おいしい生活(3)


ピロシキ

1998年2月4日 (2026年2月21日改訂)
「ピロシキ」(Piroshki)をご存じでしょう。
揚げたパンの中に挽肉やタマネギ、卵などが入った、いわば「ロシア版肉まん」です。

子どもの頃、私はこれが大好きでした。
大阪・梅田の阪神百貨店地下にあった「パルナス」で、母によく買ってもらったものです。

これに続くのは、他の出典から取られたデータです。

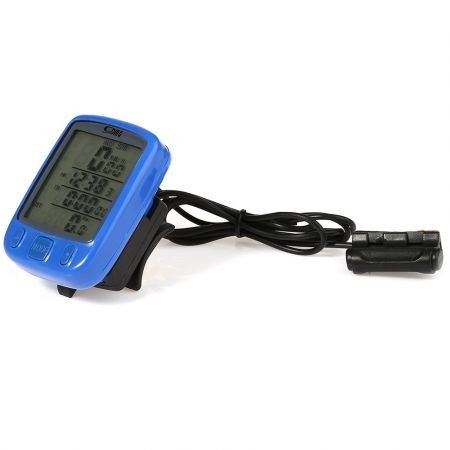 https://img.bestdeals.co.nz/products_pictures/271/27161_239333_F.jpg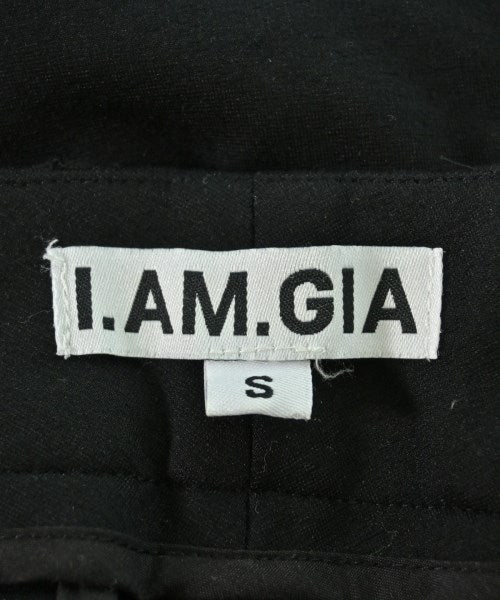 I.AM.GIA 其他款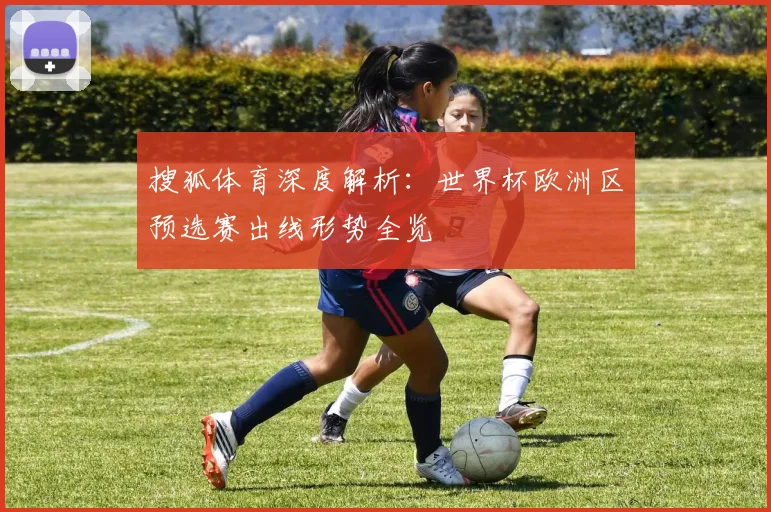 搜狐体育深度解析：世界杯欧洲区预选赛出线形势全览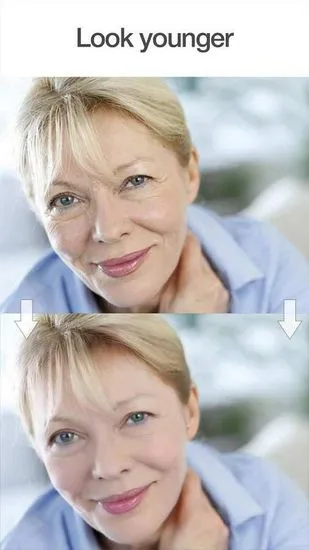 faceappƻ����v1.0.6 ��׿���ͼ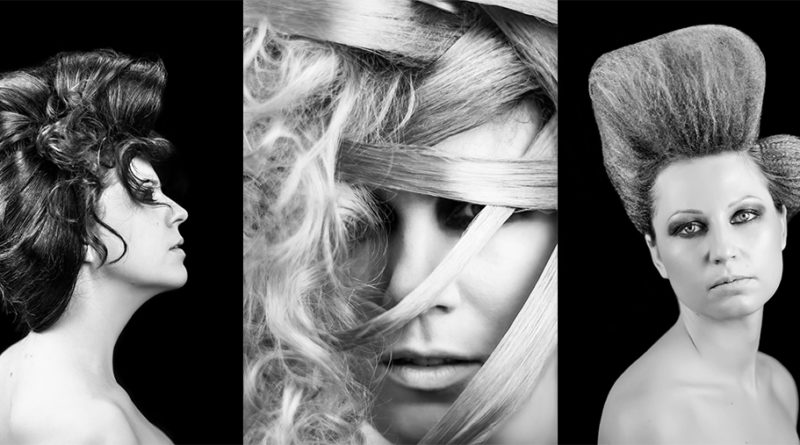 Fotó: Franyuk József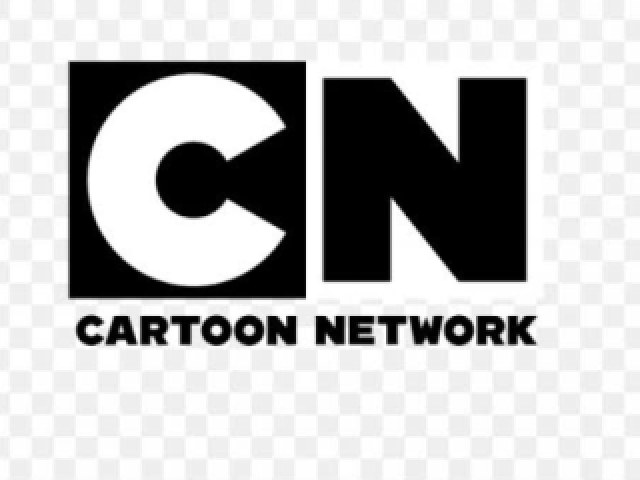 CARTOON NETWORK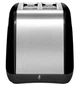 Тостер KitchenAid Classic 5KMT2115EOB - изображение 4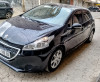 Peugeot 208 2015 Active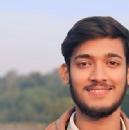Photo of Amarjeet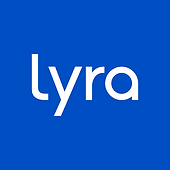 lyra.png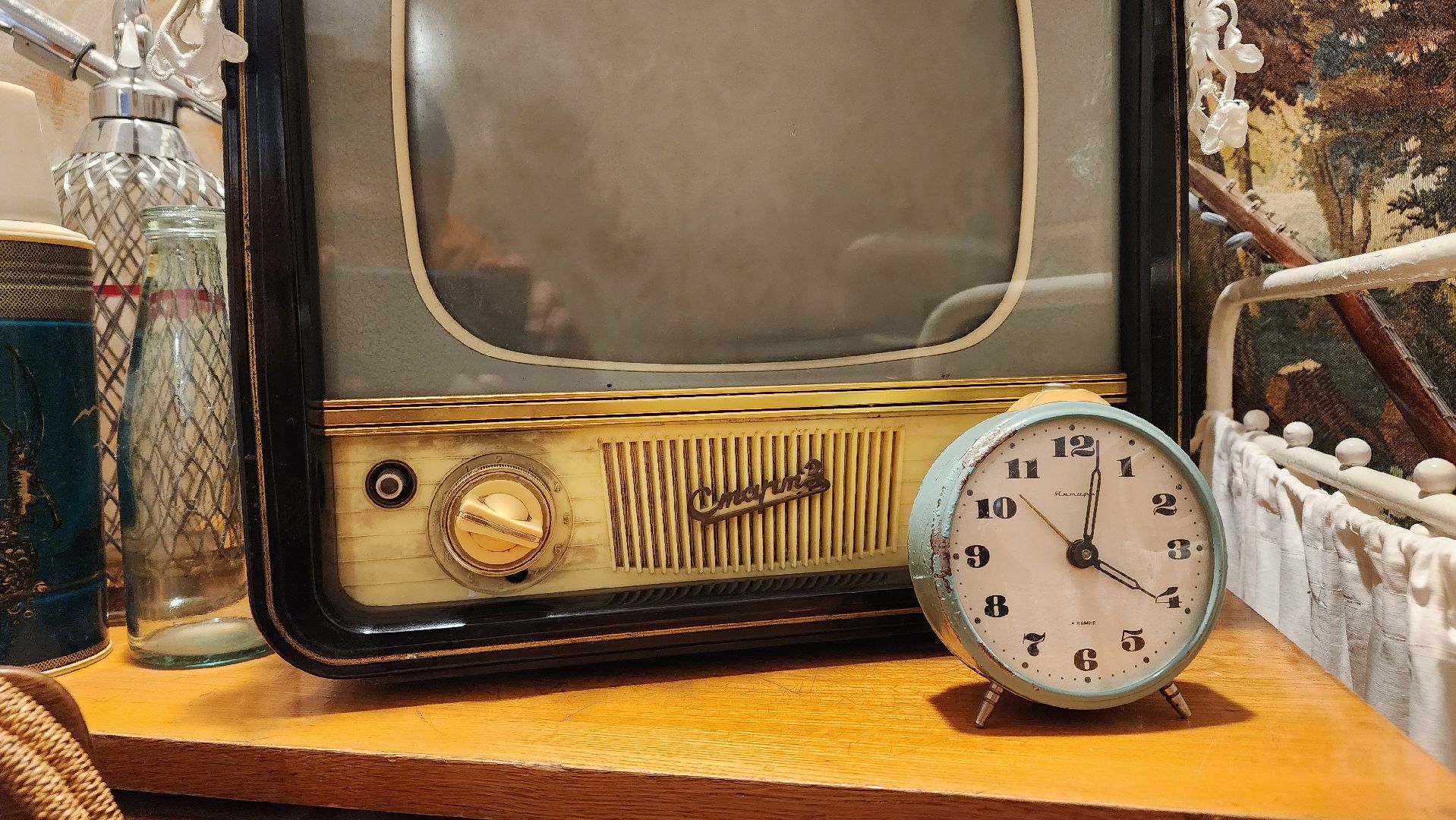 Ступино, историко-краеведческий музей, ступино город трудовой славы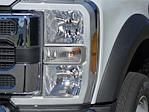 2024 Ford F-550 Crew Cab DRW 4x2 Scelzi Combo Body for sale #FL3642 - photo 4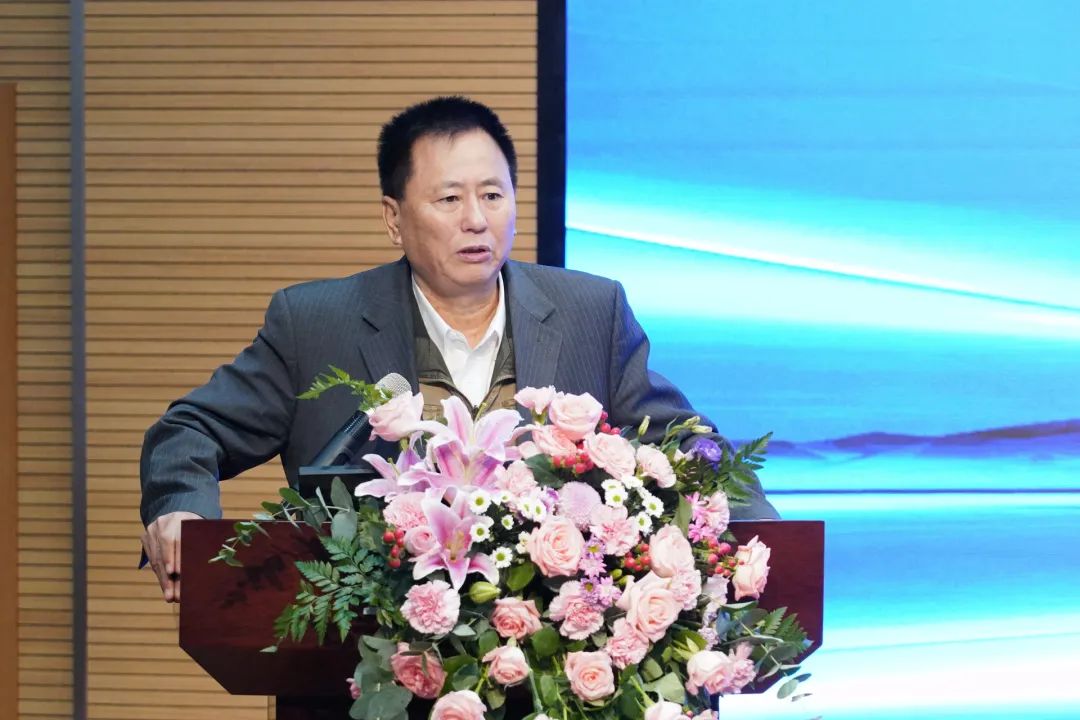 湖南省矿业协会第二届一次会员代表大会暨第二届一次理事会在胜游网电脑版_胜游(中国)智能顺利召开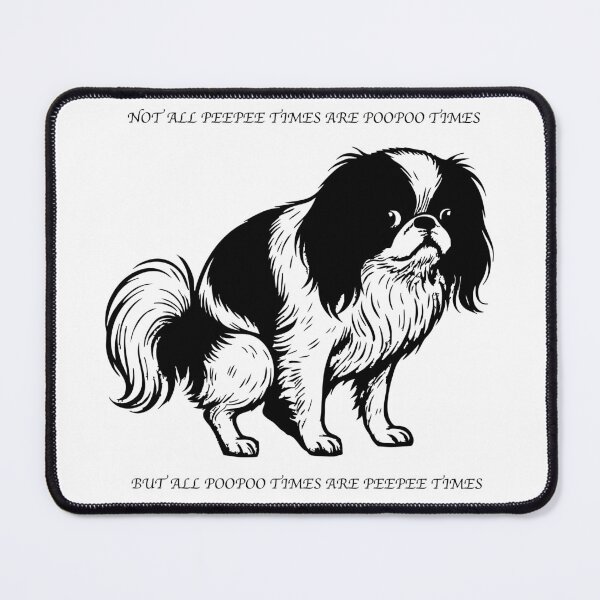 Item preview, Poopoo Time designed and sold by Verticulator.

ところが、いつの頃からか、このピロシキがおいしく感じられなくなりました。

パルナスといえば、ロシア民謡風のCMソングを覚えている方も多いでしょう。しかし、ある時期から、あのピロシキがまるで別物のように感じられたのです。

他のパン屋で「ピロシキ」を見つけるたびに試してみました。けれど、どれも小さく固く、中の具も控えめで、満足できるものには一度も出会えませんでした。

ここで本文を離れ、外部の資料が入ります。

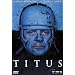 Titus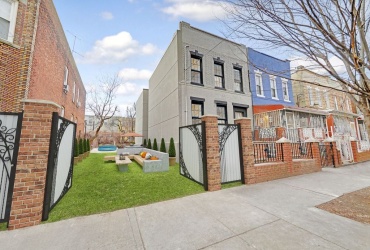 Hendrix 680 & 682 St,Brooklyn,New York,Sold,680 & 682,1190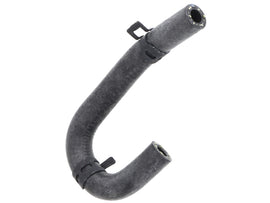 EGR Valve Hose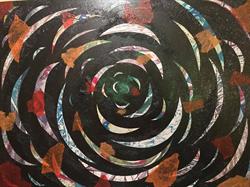 Arnaud Pelletier Psychologue, Angers - Horaires d'ouverture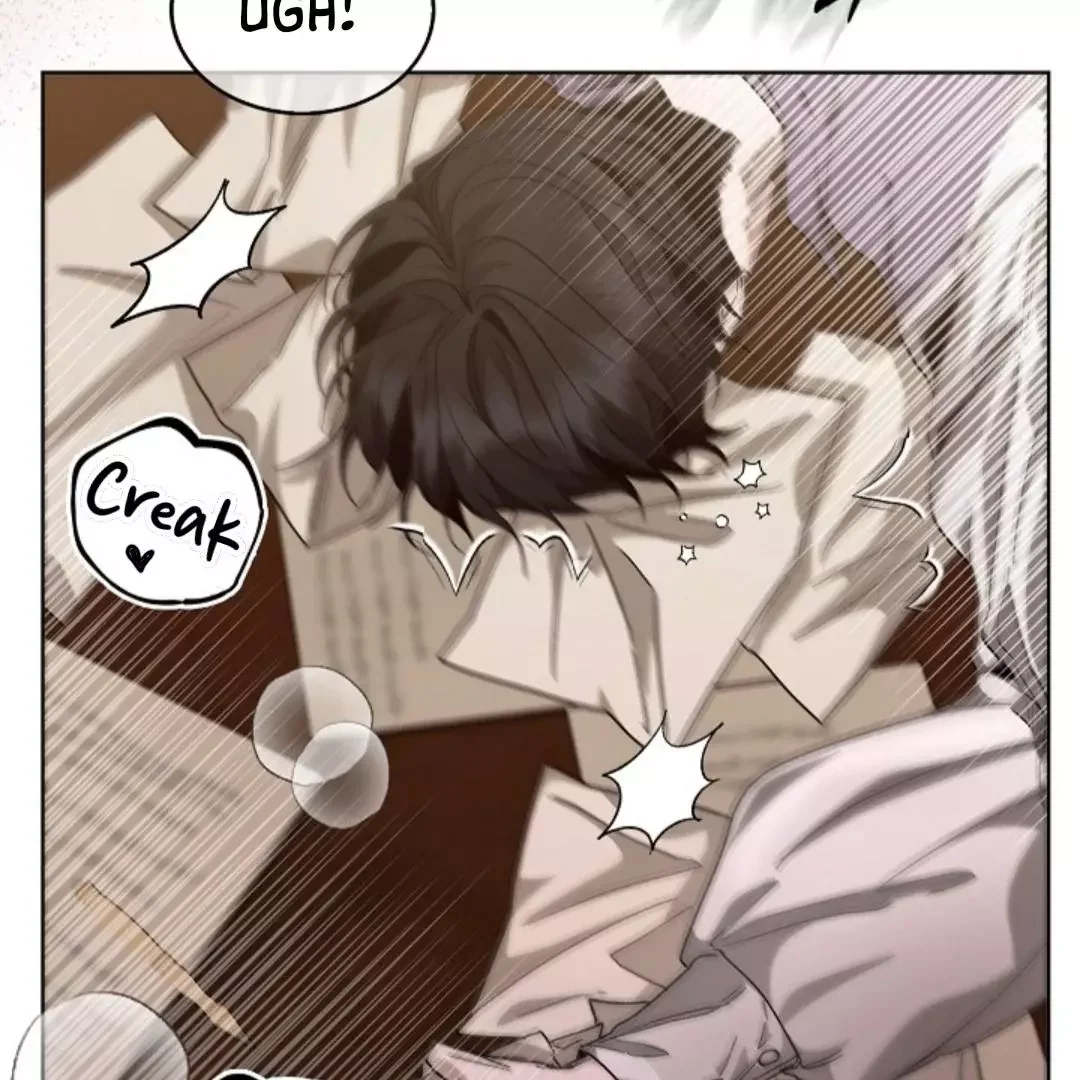 I Became a Slave to the Man I Abandoned - Chapter 1 Page 18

これは、子どもの頃の記憶が美化されているだけなのだろうか。
あるいは、自分の味覚が変わったのだろうか。

半ばあきらめかけていた頃、インターネットで偶然、「モンパルナス」という店を見つけました。
  名前からして、あの「パルナス」と関係がありそうです。写真を見ると、丸く小さなものではなく、大きく、ふんわりとした、懐かしい姿のピロシキでした。

場所は阪神電車尼崎駅構内。自宅から車で十五分ほど。
これは行くしかない、と思いました。

そして——。

食べてみて驚きました。
三十年以上前に食べた、まさに「あのピロシキ!」だったのです。

思わず店にメールを送りました。すぐに返事をいただき、二十六年前にパルナスから独立した会社であること、しかも阪神百貨店で販売していた当時と同じ製法を守り続けていることを知りました。

だから、「あの味」だったのです。

ここでは仕込みだけでも二日かけ、毎日その日の分だけを作ります。売り切れたら終わり。大量生産や冷凍品とは無縁の、昔ながらのやり方です。

「ピロシキをたずねて三千里」——
ついに出会いました。

思い続けていれば、いつか出会える。
そんなことも、人生にはあるのかもしれません。

また、子どもの頃の味は、失われるものではなく、

どこかで静かに、待っているのかもしれません。


★補足
2021年5月1日、大阪府豊中市庄内西町へ移転。
阪急庄内駅(宝塚線)近くにあります。通販も可能です。
「豊中 モンパルナス」で検索すると見つかります。